Voice/Vision Holocaust Survivor Oral History Archive

Fred Ferber - September 11 & 25, 2001

Transport to Mauthausen

Three days.

Three days. We traveled all the way down, all the way. We didn't know where we're going. We were looking around, we thought we're going to recognize it, we thought maybe we go to Auschwitz, which everybody's afraid of. But just the life. Just to live in this particular place, in, in the train. Let me, let me tell you why I was fortunate. First, just let me give you the conditions first. No toilets, no food, no water. So you can imagine the, the stink, the, the, the stench that, that, that developed after awhile. It was very hot. I found a spot. I was near a places where there was a metal part running, there were, door was being closed and there was a metal part running down eh, this particular eh, spot. I bent down a little bit, I was very small. I was fortunate because on, because the heat caused, and the humidity eh, caused vapor to form on that metal and kind of was leak...leaking down and as it was, and it was down I was kind of licking the water, you know. That, that, that, of, off that metal, okay. Eh, eh, so it, it was, it was kind, as stupid as it is, as, as, as, as much as I didn't realize even at that time, okay, it was such a tremendous benefit and I kept quiet. I didn't want anyone else to, because you know if anybody else would do it, that, uh. Every now and then we stopped. Sometimes they give us something. I, I don't even remember if they did. Every now and then we stopped at the place, they open the door eh, threw out the, threw out people who uh, who, who are uh, not able to uh, who were either, uh. I don't think anyone died totally, but they were just uh, what would you call it uh, eh.

Muselmann.

When someone, some people are on the side. Uh, th..., they were uh, no, that's not the proper name. Uh, there were uh,, uh... When somebody faints, that's what it is. There were people who fainted, fainted from heat, from uh, exhaustion. From lack of water. That's, that's the word I was looking for. They fainted, see. And they were carried out from the, from eh, eh, from the train. And half an hour later the door was locked again and we continued on.
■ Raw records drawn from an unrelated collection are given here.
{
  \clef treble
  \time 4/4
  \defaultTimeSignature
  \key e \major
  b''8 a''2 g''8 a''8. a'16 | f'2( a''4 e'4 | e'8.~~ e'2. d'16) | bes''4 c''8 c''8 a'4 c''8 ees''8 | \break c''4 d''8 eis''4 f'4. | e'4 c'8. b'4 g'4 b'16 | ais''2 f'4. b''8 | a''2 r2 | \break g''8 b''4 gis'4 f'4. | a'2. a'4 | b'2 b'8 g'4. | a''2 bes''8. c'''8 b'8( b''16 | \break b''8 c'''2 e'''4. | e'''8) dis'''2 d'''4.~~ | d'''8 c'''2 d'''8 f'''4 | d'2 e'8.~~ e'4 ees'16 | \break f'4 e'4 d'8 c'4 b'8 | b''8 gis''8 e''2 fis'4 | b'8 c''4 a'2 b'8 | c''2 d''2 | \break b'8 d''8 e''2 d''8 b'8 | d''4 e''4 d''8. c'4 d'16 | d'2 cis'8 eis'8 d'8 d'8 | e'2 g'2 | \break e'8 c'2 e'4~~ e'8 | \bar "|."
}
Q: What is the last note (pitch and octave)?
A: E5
Did they ever stop and give you food or water?

I don't remember. Genuinely I don't remember. We were all starving.

Let me stop--can we stop just a second?

Yes.

I'm trying to find...

Mauthausen is near Linz.

Yeah, I know, but from, from Płaszów to Mauthausen is how many miles, would you say? Lets see...

I, I, I will tell you.

One hundred and fifty?

How many?

Hundred and fifty miles?

Probably more. Probably more.

Two hundred and fifty?

Oh yeah, yeah, yeah, for sure. For sure, maybe more. I, I would say even more. I'll tell you why. Must be more because after the war with the trains the way they were going, it took me three days to get home, so. But the trains were not going full speed. See, that, that, that--but I don't want to get to it. At that time that train wasn't going always, it wasn't going the regular speed. It was going and stopping, you know.

What was it stopping for?

Sometime we stood an hour or so closed up without no one opening anything.

Why?

Every time we didn't have a way to go, didn't have a way--now evidently there were other trains, priority maybe, so, you know. I mean, that was not a regular train that had a schedule. That, that train was not on schedule. It was an off schedule one. So evidently we're just uh, uh, at will. We came out.